M’Iver put a hand on my shoulder.
“Canny, man, canny; would ye enter a lady’s chamber (even the glade of the wood) without tirling at the pin?”
We stopped, and I softly sounded my curlew-call—once, twice, thrice.
The echo of the third time had not ceased on the hill when out stepped Betty. She looked miraculous tall and thin in the haze of the dawn, with the aspiring firs behind her, pallid at the face, wearied in her carriage, and torn at her kirtle by whin or thorn. The child clung at her coats, a ruddy brat, with astonishment stilling its whimper.
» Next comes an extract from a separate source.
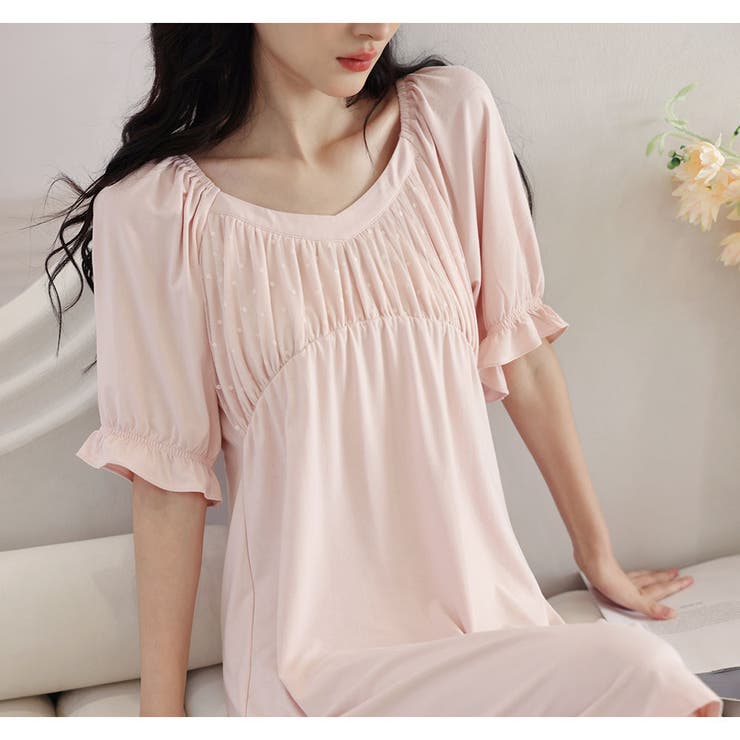 ルームウェア レディース 部屋着 | HOYUKI | 詳細画像7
For a little the girl half misdoubted us, for the wood behind us and the still sombre west left us in a shadow, and there was a tremor in her voice as she challenged in English—
“Is that you, Elrigmore?”
I went forward at a bound, in a stupid rapture that made her shrink in alarm; but M’Iver lingered in the rear, with more discretion than my relations to the girl gave occasion for.
“Friends! oh, am not I glad to see yoa?” she said simply, her wan face lighting up. Then she sat down on a hillock and wept in her hands. I gave her awkward comfort, my wits for once failing me, my mind in a confusion, my hands, to my own sense, seeming large, coarse, and in the way. Yet to have a finger on her shoulder was a thrill to the heart, to venture a hand on her hair was a passionate indulgence.
The bairn joined in her tears till M’Iver took it in his arms. He had a way with little ones that had much of magic in it, and soon this one was nestling to his breast with its sobs sinking, an arm round his neck.
More at the pair of them than at me did Betty look with interest when her tears were concluded.